Background information
- Also known as: Beastmilk (2010–2015)
- Origin: Helsinki, Finland
- Genres: Post-punk; gothic rock; deathrock;
- Years active: 2010–present
- Labels: Columbia, Metal Blade, Svart, Magic Bullet
- Members: Mat McNerney Valtteri Arino Juho Vanhanen Aleksi Kiiskilä Rainer Tuomikanto
- Past members: Johan Snell Dimitri Paile Linnéa Olsson Uno Bruniusson
- Website: gravepleasures.com

= Grave Pleasures =

Finnish post-punk band

Grave Pleasures is a Finnish post-punk band from Helsinki. Formed in 2010, Grave Pleasure's previous incarnation, Beastmilk, released a demo followed by an EP, and later debut full-length Climax. Members Mat McNerney and Valtteri Arino continued the band in 2015 as Grave Pleasures, following Johan Snell and Paile's departure with the group. With new members, Grave Pleasures released Dreamcrash months later.

== History ==

=== Formation as Beastmilk ===
Beastmilk was founded in 2010 by Mat McNerney, Johan Snell, Valtteri Arino and Paile in Helsinki. The band name came about because McNerney and Snell read White Stains by Aleister Crowley, and wanted "to have a dialogue about what it means to be a man and go through all these male emotions... It was sort of a conversation on what is your father's milk, what is your mother's milk and so on." It also came out of Snell's interest in liquids and how it affects society. The band later self-released a demo, White Stains on Black Tape, in the same year. The demo was well received including from musicians Fenriz of Darkthrone and Nate Newton of Converge.

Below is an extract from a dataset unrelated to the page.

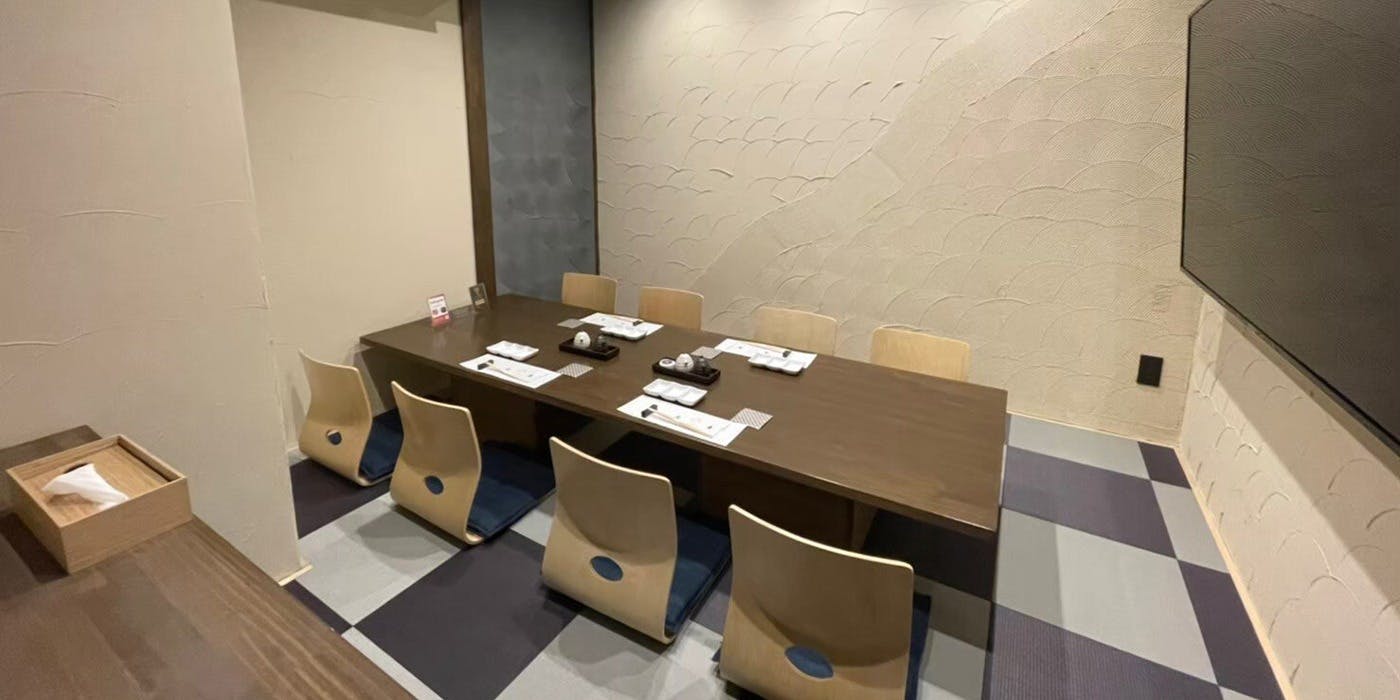 雲丹専門店 丈寿 - 画像1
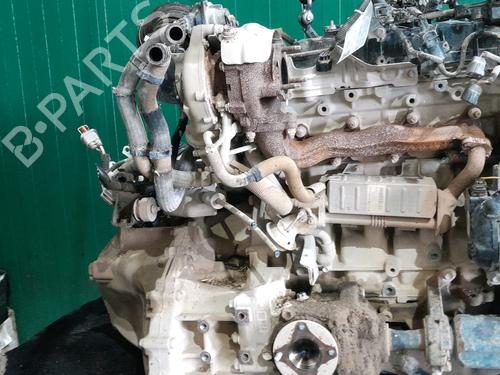 AC compressor TOYOTA RAV 4 IV (_A4_) 2.0 D 4WD (ALA41_) | BP35734807M34 - Image 4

On 2 April 2012, Beastmilk released an EP Use Your Deluge under Finnish label Svart Records. In June 2013, the band went to Salem, Massachusetts to record their debut full-length Climax, with Converge guitarist Kurt Ballou at his own recording studio GodCity Studio. Climax was released on 29 November 2013, under the Magic Bullet Records label.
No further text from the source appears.